A typical stake pool deployment runs multiple machines:

        ┌─────────────────┐
        │  Block producer │  (private — no inbound from public internet)
        │  (this guide)   │
        └────────┬────────┘
                 │  outbound NtN to your relays only
        ┌────────┴─────────┐
        │                  │
   ┌────▼─────┐       ┌────▼─────┐
   │ Relay 1  │       │ Relay 2  │  (public — inbound from anywhere)
   └──────────┘       └──────────┘

The block producer holds the KES, VRF, and operational-certificate keys. The relays do not. Compromising a public-internet-exposed relay must not give the attacker the keys to forge blocks.
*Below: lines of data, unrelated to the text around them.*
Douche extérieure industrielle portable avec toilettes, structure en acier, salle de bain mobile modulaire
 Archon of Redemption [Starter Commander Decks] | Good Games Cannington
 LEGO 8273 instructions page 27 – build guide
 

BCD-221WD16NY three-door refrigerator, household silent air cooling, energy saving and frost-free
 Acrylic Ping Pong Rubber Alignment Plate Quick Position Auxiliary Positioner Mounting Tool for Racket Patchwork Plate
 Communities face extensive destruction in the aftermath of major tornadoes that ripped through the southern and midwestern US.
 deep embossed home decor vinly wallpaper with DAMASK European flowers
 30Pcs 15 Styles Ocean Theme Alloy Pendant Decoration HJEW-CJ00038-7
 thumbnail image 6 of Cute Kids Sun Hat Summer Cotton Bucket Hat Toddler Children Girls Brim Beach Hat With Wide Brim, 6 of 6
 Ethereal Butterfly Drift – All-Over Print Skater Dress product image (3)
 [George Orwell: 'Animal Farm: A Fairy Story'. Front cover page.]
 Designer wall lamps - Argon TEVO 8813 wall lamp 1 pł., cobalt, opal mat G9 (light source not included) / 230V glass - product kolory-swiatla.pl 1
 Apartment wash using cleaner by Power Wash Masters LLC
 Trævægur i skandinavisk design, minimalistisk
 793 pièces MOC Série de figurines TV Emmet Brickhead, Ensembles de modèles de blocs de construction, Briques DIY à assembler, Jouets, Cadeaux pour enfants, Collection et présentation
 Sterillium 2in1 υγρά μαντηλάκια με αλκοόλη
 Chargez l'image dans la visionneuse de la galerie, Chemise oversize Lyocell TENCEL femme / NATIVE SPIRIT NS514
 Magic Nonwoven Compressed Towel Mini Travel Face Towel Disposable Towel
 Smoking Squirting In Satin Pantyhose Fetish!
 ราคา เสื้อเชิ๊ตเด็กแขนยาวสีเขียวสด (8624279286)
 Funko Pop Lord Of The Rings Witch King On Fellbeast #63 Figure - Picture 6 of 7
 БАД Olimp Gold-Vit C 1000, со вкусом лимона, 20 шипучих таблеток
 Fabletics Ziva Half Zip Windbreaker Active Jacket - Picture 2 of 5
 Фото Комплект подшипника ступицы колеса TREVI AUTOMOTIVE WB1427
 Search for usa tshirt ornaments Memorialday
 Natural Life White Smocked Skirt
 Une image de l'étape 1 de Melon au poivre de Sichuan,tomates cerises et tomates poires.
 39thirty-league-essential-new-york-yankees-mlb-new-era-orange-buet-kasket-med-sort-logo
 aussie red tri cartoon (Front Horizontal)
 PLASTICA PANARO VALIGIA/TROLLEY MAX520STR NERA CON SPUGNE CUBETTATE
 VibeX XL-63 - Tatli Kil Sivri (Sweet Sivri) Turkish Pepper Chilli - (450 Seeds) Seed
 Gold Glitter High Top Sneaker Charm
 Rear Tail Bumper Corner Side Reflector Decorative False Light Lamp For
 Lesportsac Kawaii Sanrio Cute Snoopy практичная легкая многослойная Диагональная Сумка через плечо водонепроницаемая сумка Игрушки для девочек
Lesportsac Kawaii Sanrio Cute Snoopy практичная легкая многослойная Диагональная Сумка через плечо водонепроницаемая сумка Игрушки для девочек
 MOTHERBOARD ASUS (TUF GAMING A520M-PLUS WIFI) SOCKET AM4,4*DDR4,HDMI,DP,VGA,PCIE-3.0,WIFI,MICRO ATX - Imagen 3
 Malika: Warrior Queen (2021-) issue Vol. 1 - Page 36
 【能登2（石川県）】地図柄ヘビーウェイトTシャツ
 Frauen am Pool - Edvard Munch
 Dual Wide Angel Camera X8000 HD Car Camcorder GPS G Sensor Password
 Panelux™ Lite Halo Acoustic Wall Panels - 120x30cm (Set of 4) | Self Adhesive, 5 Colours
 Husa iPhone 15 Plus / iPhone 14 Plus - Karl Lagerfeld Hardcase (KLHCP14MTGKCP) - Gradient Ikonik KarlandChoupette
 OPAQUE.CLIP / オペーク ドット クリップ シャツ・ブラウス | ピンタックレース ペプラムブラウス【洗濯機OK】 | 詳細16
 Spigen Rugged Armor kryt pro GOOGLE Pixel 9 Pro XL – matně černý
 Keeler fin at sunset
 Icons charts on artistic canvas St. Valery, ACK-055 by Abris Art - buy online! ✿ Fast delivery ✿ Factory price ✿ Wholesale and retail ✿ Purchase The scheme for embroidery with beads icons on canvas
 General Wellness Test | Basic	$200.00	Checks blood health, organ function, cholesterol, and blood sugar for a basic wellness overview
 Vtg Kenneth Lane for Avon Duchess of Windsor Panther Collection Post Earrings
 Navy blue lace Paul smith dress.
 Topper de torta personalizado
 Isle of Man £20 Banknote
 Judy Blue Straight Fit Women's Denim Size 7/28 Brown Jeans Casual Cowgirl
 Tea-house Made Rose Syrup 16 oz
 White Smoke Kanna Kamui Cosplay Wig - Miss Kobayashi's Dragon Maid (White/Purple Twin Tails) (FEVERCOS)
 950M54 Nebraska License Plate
This chapter covers the block producer node only. Relay configuration is the standard setup from the previous chapters.

Required credentials

A block producer needs four files:

  1. Operational certificate cold keycold.skey and cold.vkey. Generated once, kept offline.
  2. VRF key pairvrf.skey and vrf.vkey. Generated once, lives on the block producer.
  3. KES key pairkes.skey and kes.vkey. Rotated every 90 days (mainnet slotsPerKESPeriod = 129600, max periods = 62).
  4. Operational certificatenode.opcert. Signs the KES verification key with the cold key. Reissued each KES rotation.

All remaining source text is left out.